Nacido en la segunda mitad del siglo XIX, Gilbert Keith Chesterton encarna como muy pocos el espíritu convulso de la Inglaterra victoriana, una época de cambios profundos y vertiginosos, en donde la Revolución Industrial avanzaba impasiblemente, arrasando desde los cimientos con las tradiciones y el estilo de vida de sus habitantes. Era pues, una época que se debatía perpetuamente entre el entusiasmo por un futuro repleto de promesas y la nostalgia por un pretérito luminoso.
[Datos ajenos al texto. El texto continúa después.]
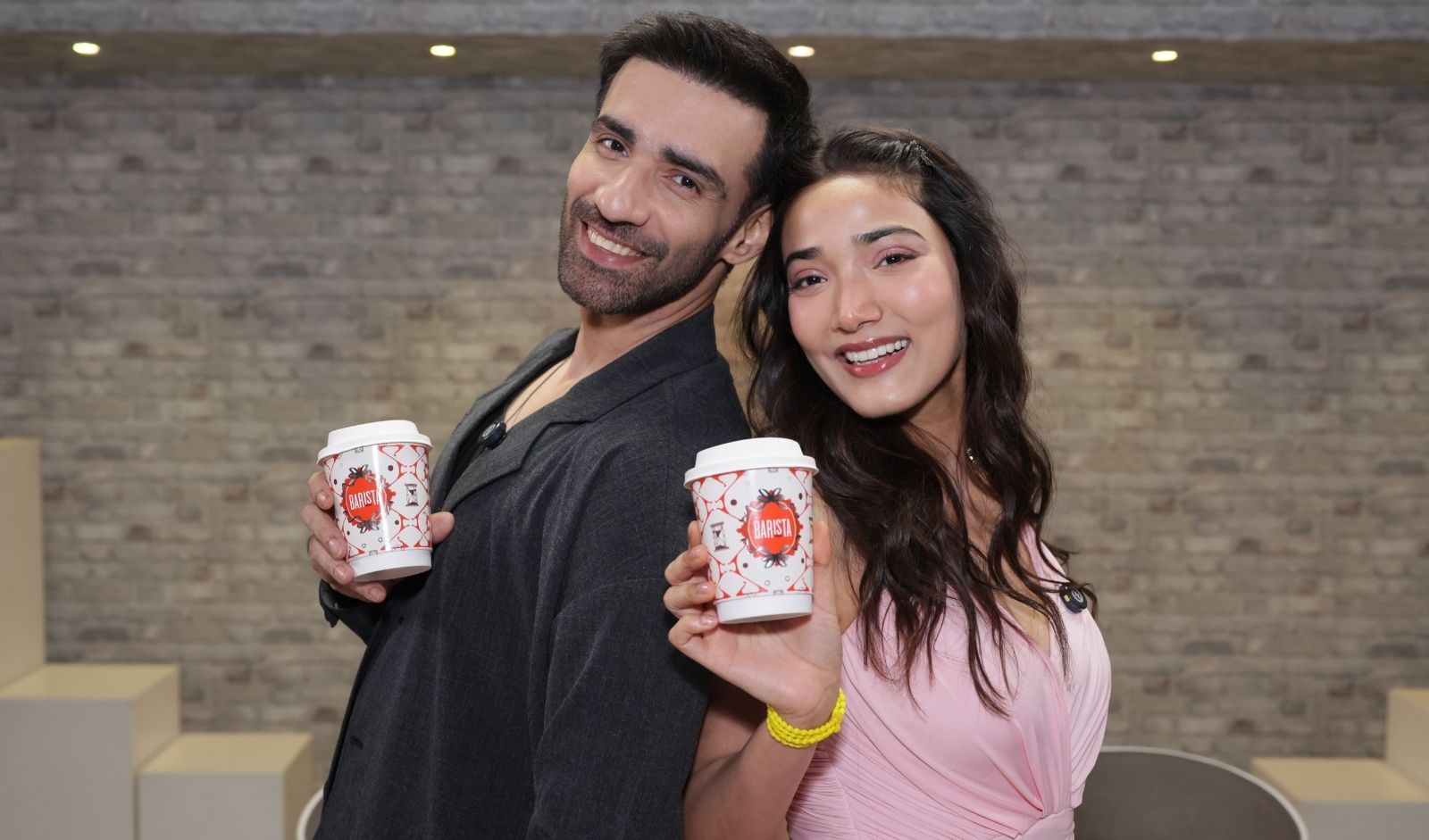 Restaurant India News: Barista Partners with Ginny Weds Sunny 2, Launches 20 percent Offer to Drive Footfall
Quizás uno de sus pasajes más significativos es el siguiente, extraído de su obra The Thing:

Cuando hablamos de reformar las cosas, en lugar de deformarlas, hay un principio claro y simple; uno que probablemente pueda considerarse una paradoja. Existe en algunos casos cierta ley o institución, digamos, para simplificar, una cerca erigida al costado del camino. El reformista moderno se acercará alegremente y dirá, “No le veo utilidad; quitémosla”. Ante lo cual el reformista más inteligente hará bien en responder: “Si no ves su utilidad, ciertamente no te permitiré quitarla. Vete y piensa. Luego, cuando vuelvas y me digas que ves su utilidad, te permitiré destruirla.
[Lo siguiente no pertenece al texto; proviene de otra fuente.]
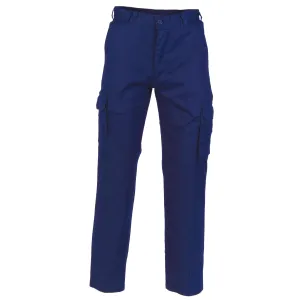 Ladies Light Weight Drill Cargo pants 3368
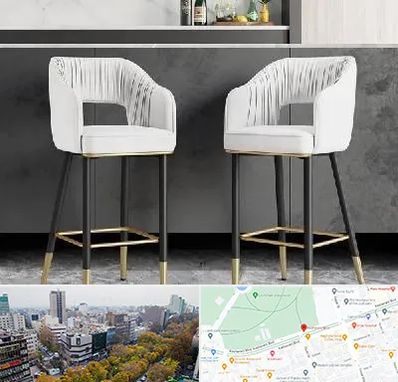 فروش صندلی اپن در بلوار کشاورز 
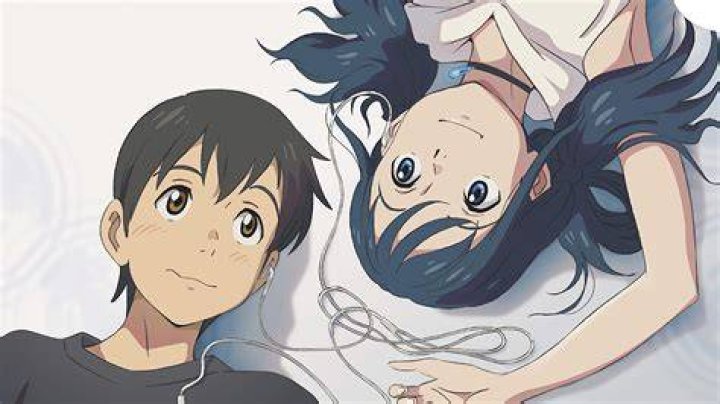 Hina and Hodoka in Weathering With You.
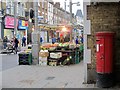 High Street / Buxton Road, E17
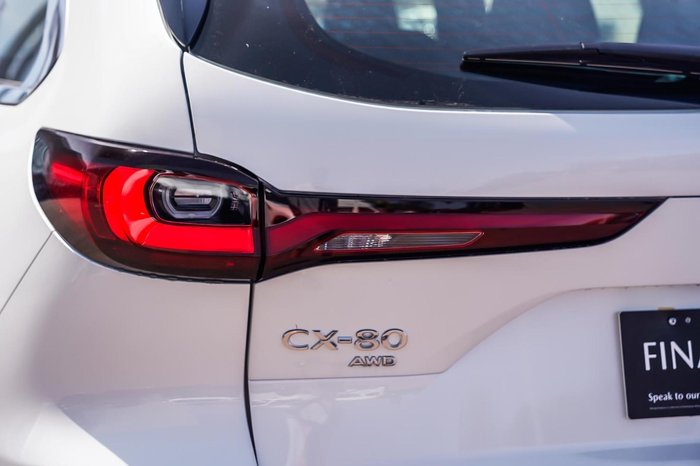 2024 Mazda CX-80 G40e Pure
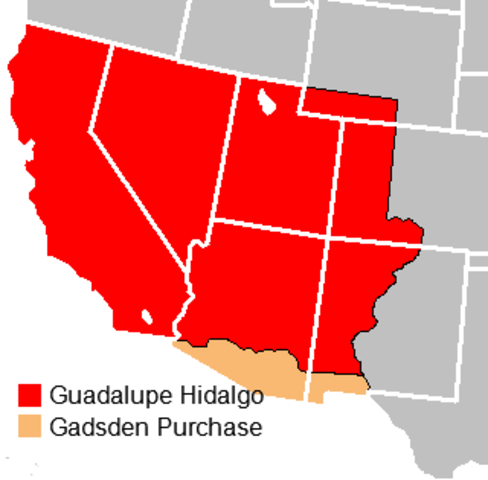 Treaty of Guadalupe Hildalgo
Es difícil imaginar cuánto sufrimiento podría haberse evitado en los últimos cien años si, como especie, hubiésemos tomado con seriedad esta advertencia, si antes de dinamitar los cimientos, nos detuviéramos a mirar qué es lo que sostienen.

La contraparte también la ofrece el propio Chesterton en otra de sus obras más destacables, El Napoleón de Notting Hill, en donde retrata una realidad alternativa, en donde el mundo ha progresado poco, en un sentido material, desde el Medioevo. Rota la línea de sucesión real, Gran Bretaña es gobernada desde las sombras por grupos cuya identidad se desconoce, ocultos bajo un rey de utilería elegido al azar, y que deposita la corona en Auberon Quinn, un hombre simple cuyo único interés se limita a “una buena broma”, para lo cual se dedica a disfrazar a los funcionarios londinenses con trajes cada vez más elaborados y ridículos. Pero la broma termina cuando Adam Wayne, el epónimo Napoleón de Notting Hill, se toma la situación más en serio y, en un arrebato de nacionalismo, sumerge las calles de Londres en un frenesí surreal de combate medieval.

Pero la escena que quisiera abordar, una de las más memorables en mi opinión, tiene lugar mucho antes de esto, al comienzo de la obra, cuando el líder de una pequeña nación latinoamericana —o lo que queda de ella, en un mundo que parece irse desintegrando poco a poco en centenares de feudos medievales— se entrevista con el rey.

Digno representante del arquetipo del dictador septentrional de la época, el presidente se conduce con una pompa y melodrama fuera de toda proporción con su importancia real, incluyendo, desde luego, el elaborado uniforme militar, impecable y lleno de condecoraciones de dudoso mérito. Cuando, en un giro irónico, pregunta, aparentemente impactado, si Inglaterra “ya no es una democracia”, el rey responde con el desparpajo que lo caracteriza:

La situación invita una paradoja. Somos, en un sentido, la democracia más pura. Nos hemos convertido en un despotismo. ¿No ha notado acaso cómo, continuamente, las democracias se convierten en despotismos? La gente lo llama la decadencia de la democracia. Simplemente es su culminación.

En dos pasajes distintos, Chesterton exhibe su desdén, lo mismo ante el frenesí irreflexivo del reformista demoledor, que ante el romántico ahogado en la nostalgia por un pasado mítico. Pero tal vez la lección más importante que podemos extraer de su obra, sobre todo de su Napoleón es la siguiente: estamos demasiado acostumbrados a temer al fanático, al hombre que toma todo demasiado en serio. Nada de malo habría en ello, desde luego, salvo que, en esta misma línea, subestimamos el peligro, a veces mucho mayor por su impredecibilidad, de quien nada toma con seriedad.